There is no divine name that is not between two divine names, for the divine affair is circular. That is why God's affair in the things is infinite, for a circle has no first and no last, except by way of supposition... The affair occurs [with an inclination towards circularity] because things proceed from God and return to Him. From Him it begins and to Him it goes back... This does not happen in a linear shape, or it would never go back to Him, but it does go back. Hence there is no escape from circularity in both the suprasensory and sensory domains.

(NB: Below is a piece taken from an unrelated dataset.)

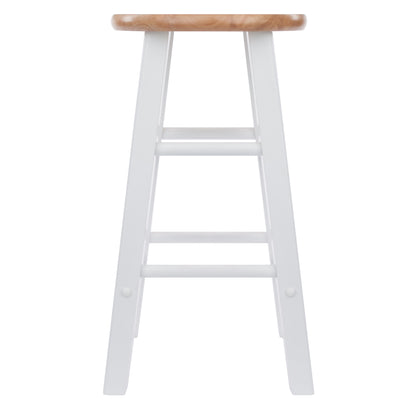 Element Counter Stools; 2-Pc Set; Natural & White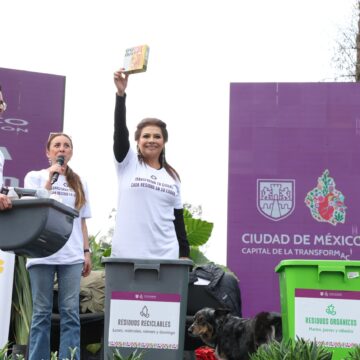 Brugada activa campaña masiva para separar residuos; CDMX invertirá 500 mdp en reciclaje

The existential circle is, more specifically, a process through which man originates from the state of Non-delimited Effusion of the Essence (mutlaq al-fayd al-dhati) to the physical form of a human. Man's external existence is the final stage in creation succeeding the plants, animals and minerals; it is the furthest point from the divine Unity and is characterized by extreme multiplicity. It is however, his inner reality that remains divine and thus allows man to journey from existential lowness characterized by multiplicity and composition towards All-Comprehensive Unity (ahadiyat al-jam’a). In al-Fukuk, Qunawi writes,

If man reaches the highest stage of his wayfaring and unites with the Souls and Intellects, and traverses them in their essential states until he reaches the station of "isthmus" {barzakhiya), which is his original station after departing from the utmost extreme of multiplicity and its forms, he will also reach the Unity of this multiplicity, then the barzakhi state...So the one who reaches his original nature, is the one whom 'We created in the best form (al-Tin: 4), and one who does not is the one whom 'We brought down to the lowest of the low (al-Tin: 5), for being distant, due to his multiplicity, from his original station of Divine Oneness.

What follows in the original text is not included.